The report, Wild bird populations in the UK, 1970-2013, shows that overall, breeding bird populations in the UK have declined compared with 40 years ago. In 2013, the all-species index was 12 per cent below its 1970 level, and there was a small but significant decline of five per cent from 2007 to 2012. However, trends vary between individual bird species, between habitat types and between groups of species that share the same habitat type.
By 2013, the UK breeding farmland bird index had fallen by 55 per cent to a level less than half that of 1970. The largest declines in farmland bird populations occurred between the late seventies and the early nineties, but there has been a statistically significant on-going decline of ten per cent between 2007 and 2012.
In 2013, the UK breeding woodland bird index was 28 per cent lower than its 1970 level.
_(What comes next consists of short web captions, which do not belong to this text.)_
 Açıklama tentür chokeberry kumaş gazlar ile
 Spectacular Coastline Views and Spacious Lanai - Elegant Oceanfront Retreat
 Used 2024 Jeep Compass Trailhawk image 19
The greatest decline in the series occurred from the early eighties until the mid-nineties, after which the trend stabilised.
In 2013, the UK breeding water and wetland bird index was 17 per cent lower than its 1975 level. There was a significant decline in the smoothed index of 12 per cent in the short term between 2007 and 2012.
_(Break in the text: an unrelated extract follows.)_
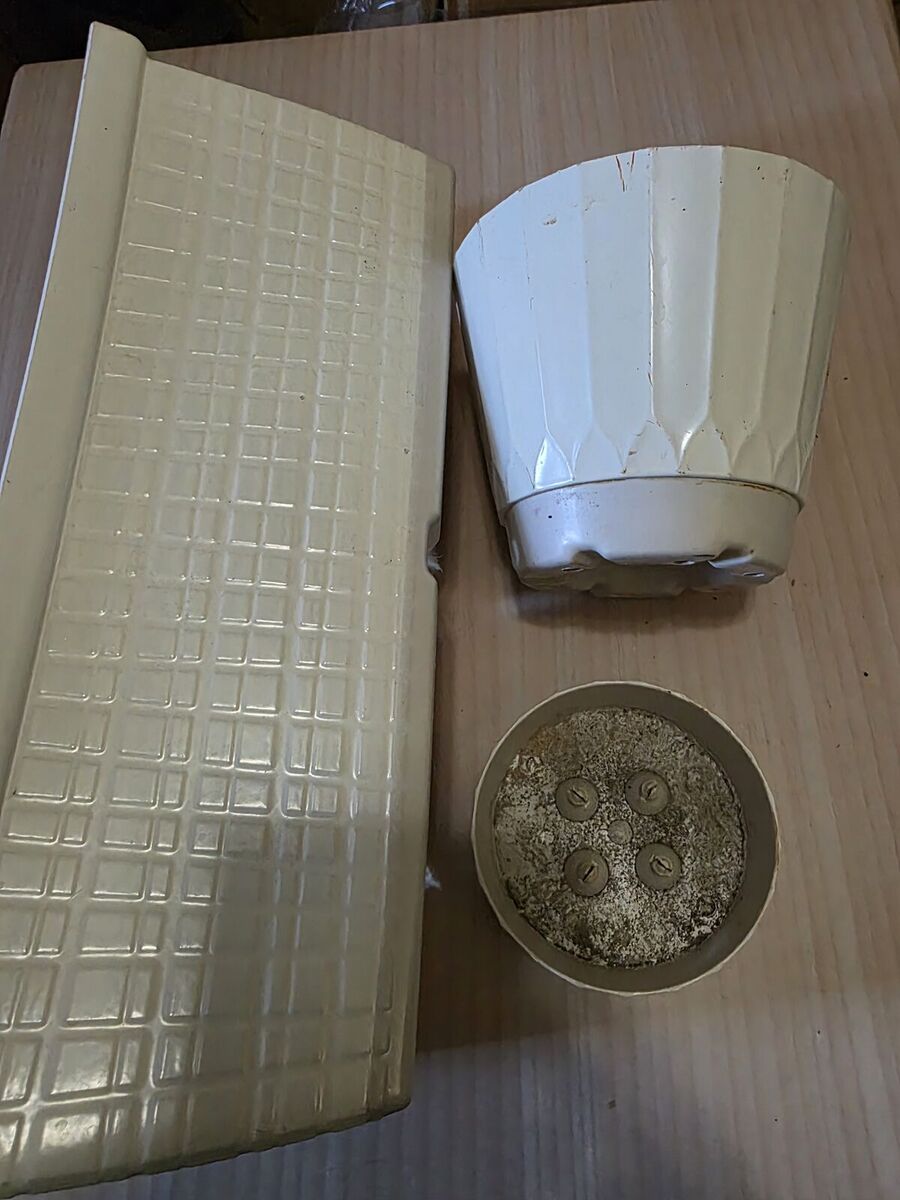 2 plastic planter pots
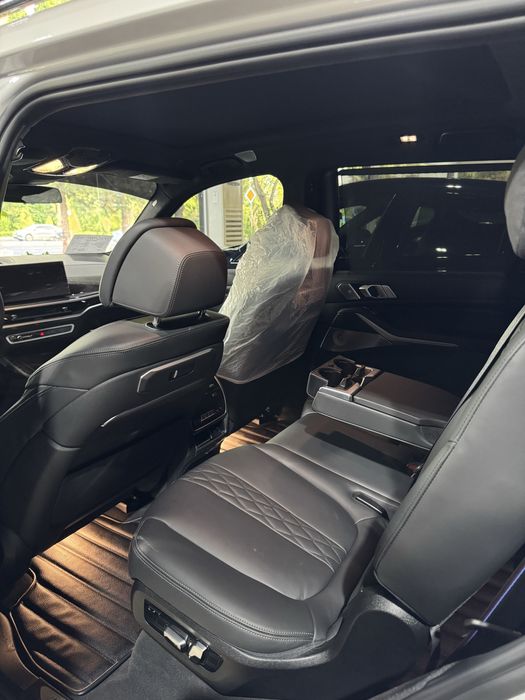 BMW X7 M60 full option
Seabird populations in the UK have fallen by 24 per cent since 1986; this is the lowest level recorded. Most of the decline has occurred since 2003; there has been a decline of nine per cent in the short term since 2008.
In the winter of 2012-13, the wintering waterbird index in the UK was almost double its 1975-76 level (up 95 per cent). The index peaked in the late 1990s and has declined since, with the smoothed index falling by almost five per cent between 2006-07 and 2011-12.